A propos du secteur de l’automobile, il parle «d’importations déguisées, de nombreuses failles dans le cahier de charges, des défaillances dans les domaines des mines et des zones industrielles». Il établit un constat des plus négatifs. «Le secteur a bénéficié de beaucoup d’aide de l’Etat dans le but de diminuer la facture des importations, mais du constat qui a été établi, je n’ai rien trouvé», révèle-t-il encore. Un autre scandale à inscrire au palmarès de l’enfant de Aïn Kercha. L’accusation est d’une extrême gravité qui doit déboucher en toute logique sur l’ouverture d’enquêtes sérieuses.

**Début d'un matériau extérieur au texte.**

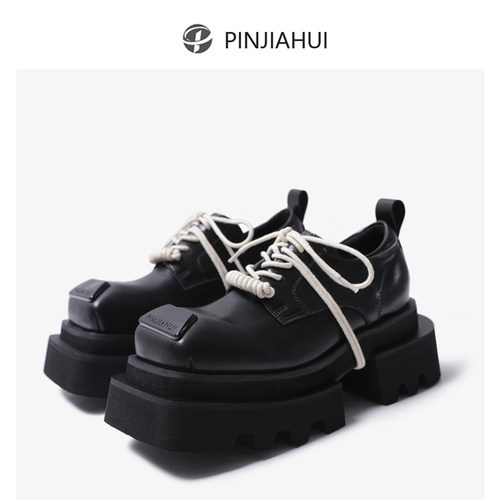厚底小皮鞋真皮方头系带德比鞋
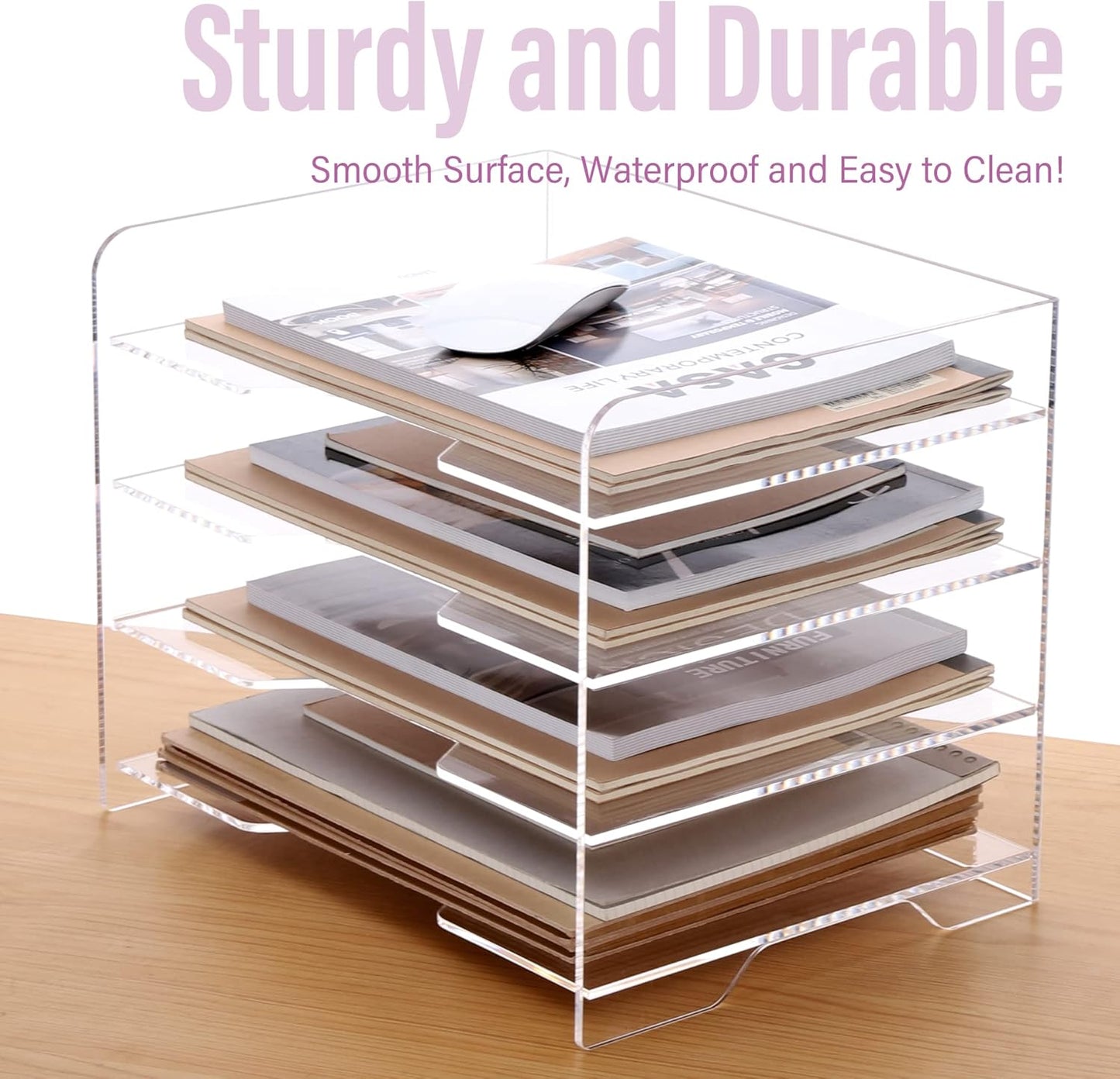 SANRUI 4 Tier Clear Desk Paper Letter Organizer Trays, A4 Stackable File Document Tray, Acrylic Desk Organizers and Accessories Sorter, Workspace Office Supplies Organizers,12.4inx8.86inx6.64in
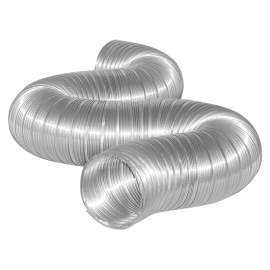 DUNDAS JAFINE MFX38X Semi-Rigid Duct, 3 in Dia, 8 ft L, Aluminum, Silver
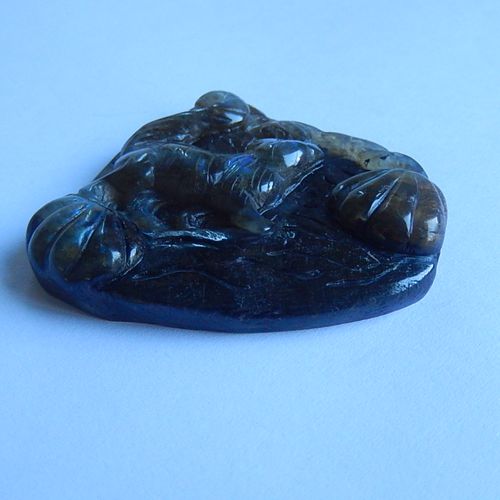 Carved Labradorite Gemstone Squirrel Cabochon, 52x50x10mm, 35.1g - MyGemGarden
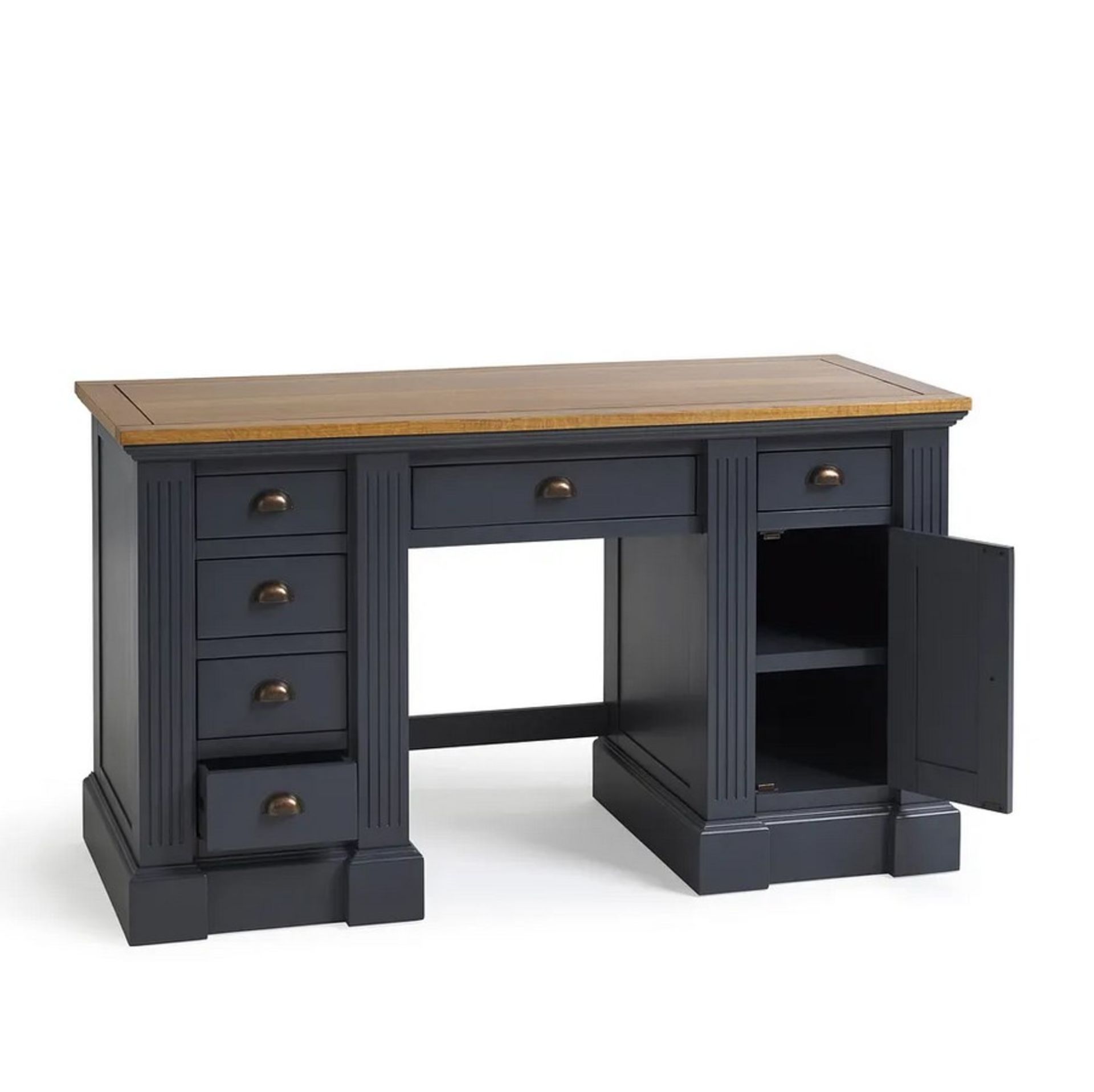 Highgate Rustic Solid Oak And Painted Desk. Dimensions: (H82x W145x D60cm). (Unused, Ex Display). - Image 3 of 25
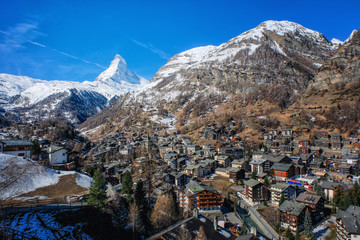 Beautiful view of Zermatt village with Matterhorn Mountain background in Switzerland.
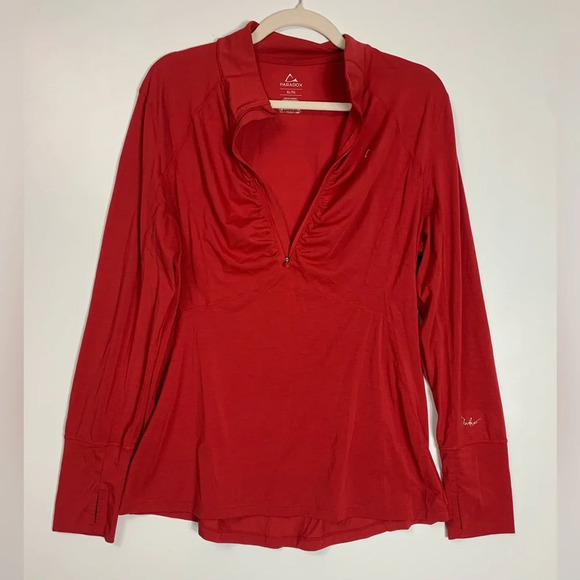 Paradox 1/4  Zip Dri Release Fresh Guard Top Womens XL Ruched Red Merino Blend - Picture 2 of 11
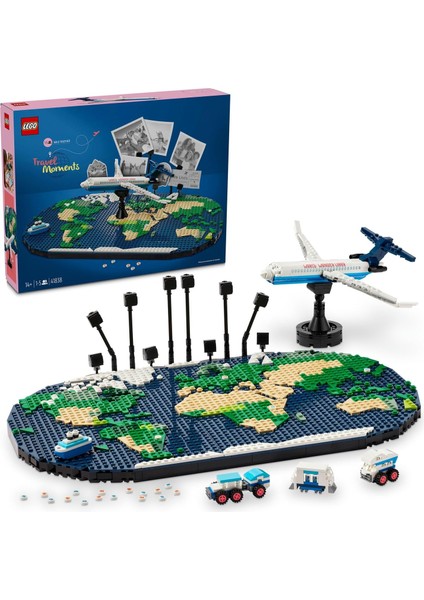 Seyahat Anıları 41838 - Seyahat Etmeyi Seven Aileler Için Dünya Haritası Içeren Yaratıcı Oyuncak Yapım Seti (1231 Parça)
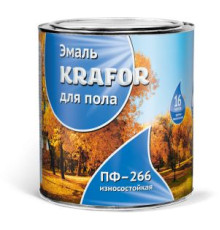 Эмаль ПФ-266 KRAFOR красно-коричневая 0,9кг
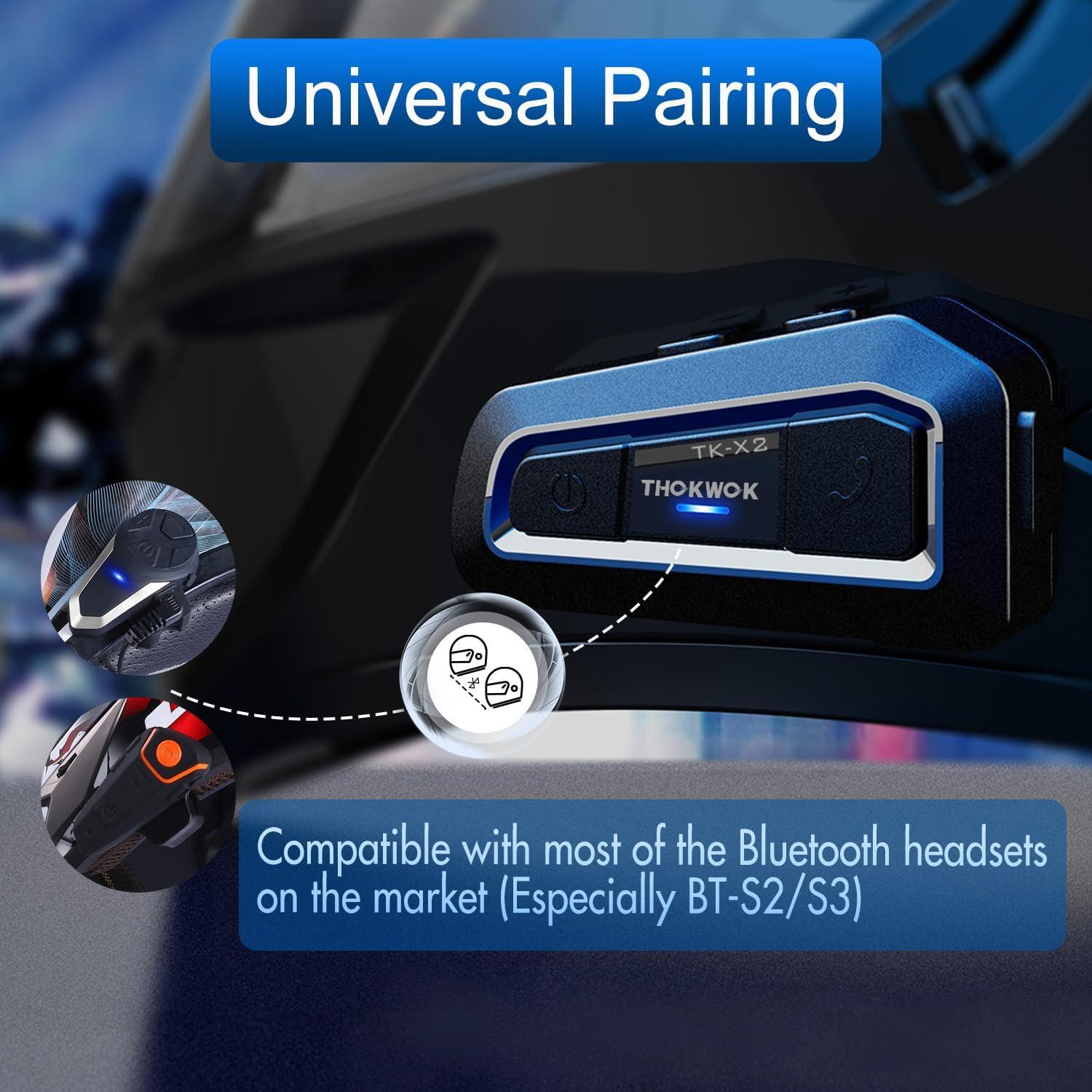 Intercomunicador Bluetooth TK-X2 para Motocicleta 1000m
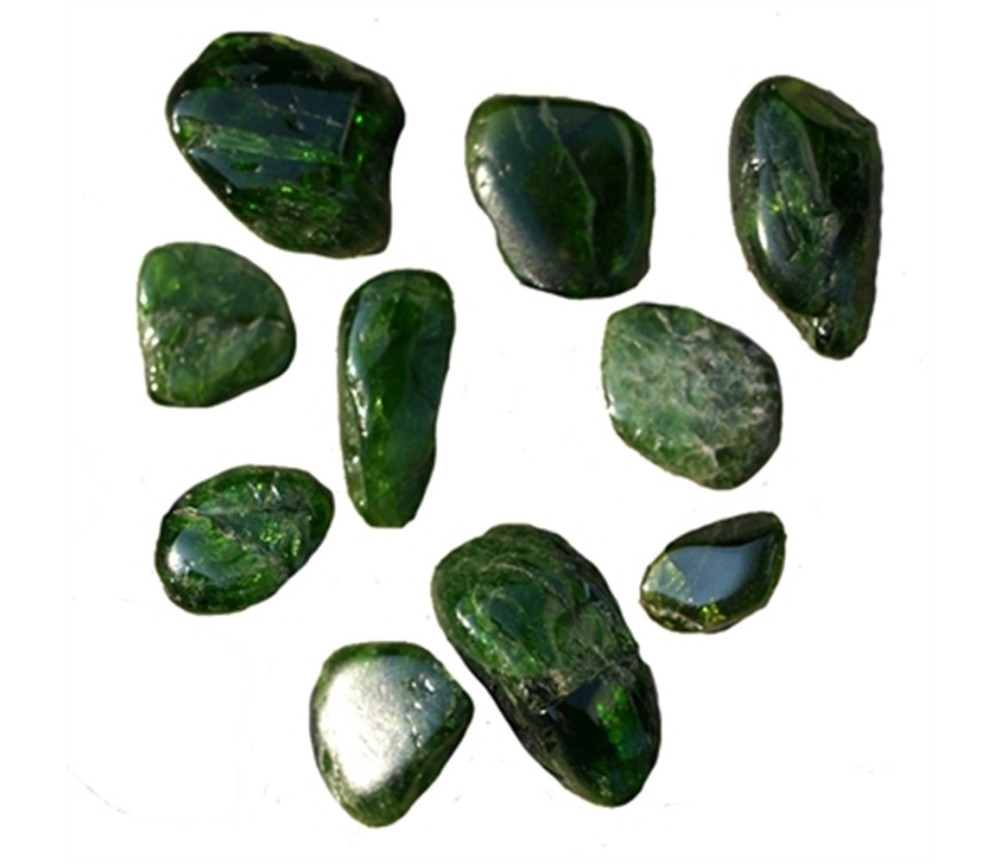 Trommelsteine - Chromdiopsid, 1,0 - 2,5cm - gemischte Größen - 500gr Beutel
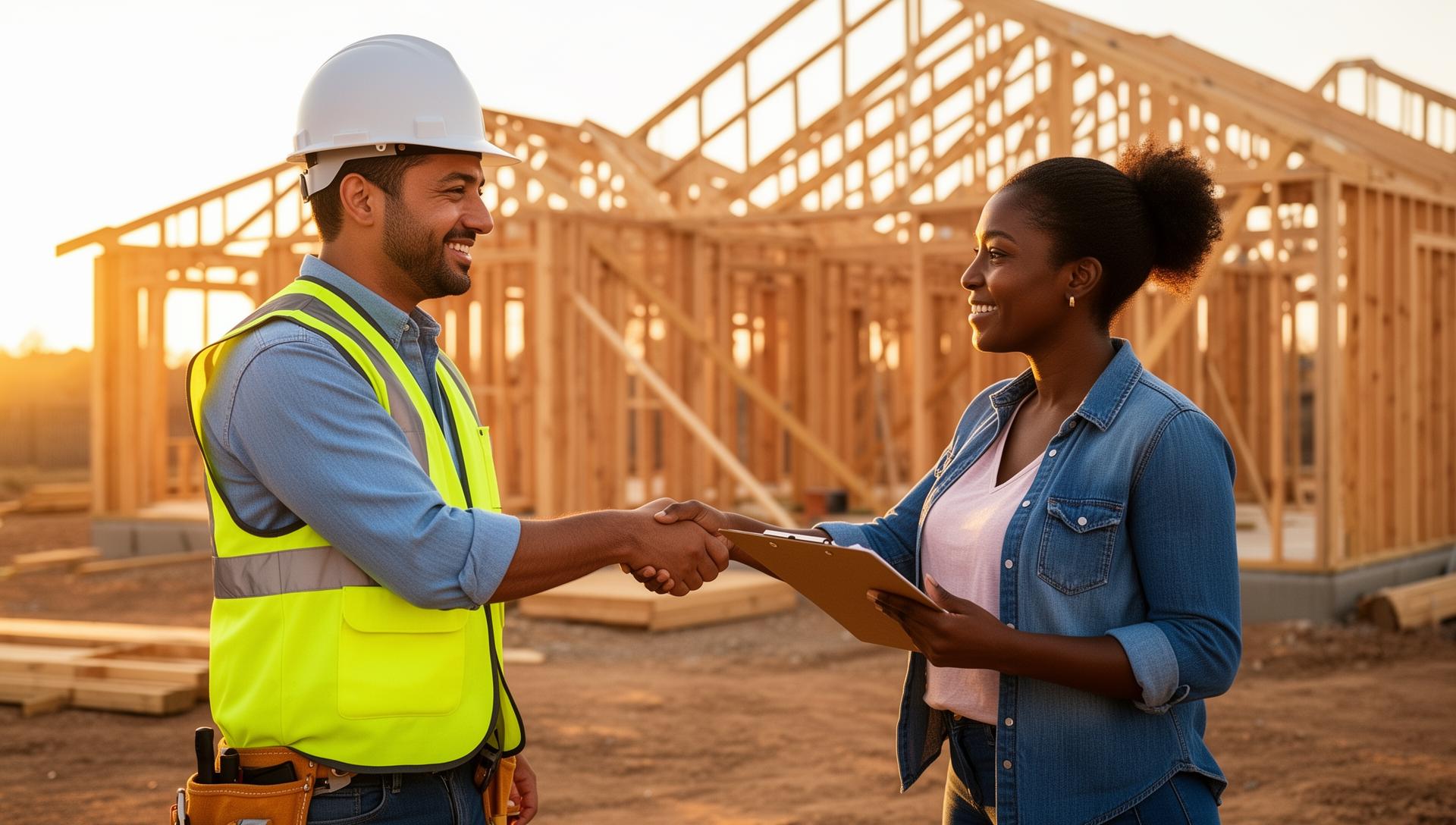 Contractor shaking hands with homeowner at construction site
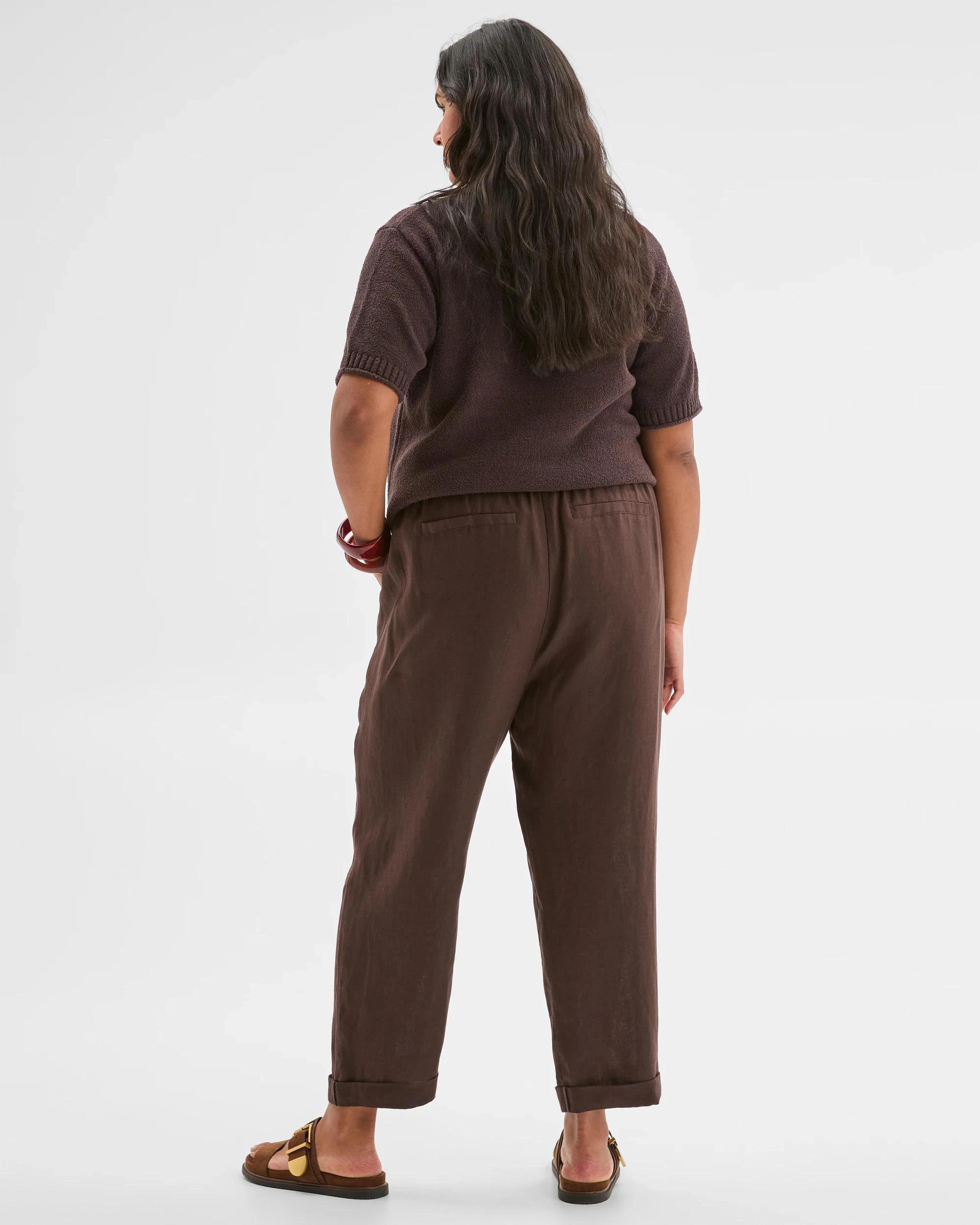 1 Target Plus Size European Linen Tapered Pants BRUNETTE, 1 of 4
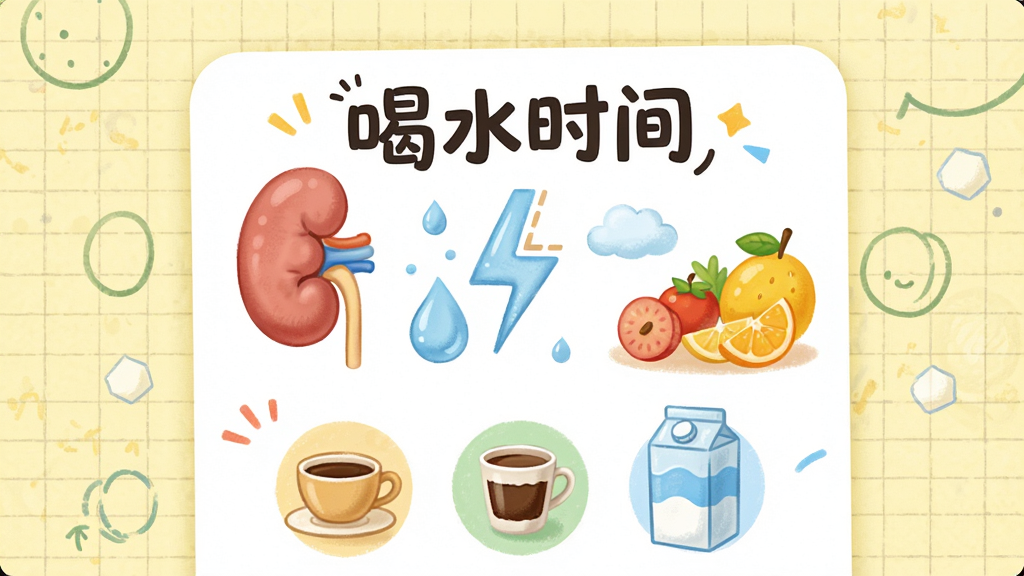 插画风格的健康知识卡片界面,主体是“喝水时间”APP内嵌的趣味科普模块,卡片上绘有肾脏、水滴、水果等元素,下方陈列着茶、咖啡、牛奶等饮品图标,背景是淡黄色网格纸纹理,排版活泼,色彩明快,突出“喝水时间”名称,画质细腻,干净无多余元素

Pas seulement dans l’Industrie. Le constat est valable aussi pour d’autres secteurs. Sans faire dans la chasse aux sorcières, le gouvernement Tebboune se contentera-t-il d’établir des constats accablants sans franchir le pas et exiger des comptes ? L’ex-ministre sera-t-il contraint de fournir des explications sur sa désastreuse politique industrielle qui a coûté cher au Trésor public ? Rendra-t-il des comptes ? Il y va de la crédibilité de l’action du nouveau gouvernement.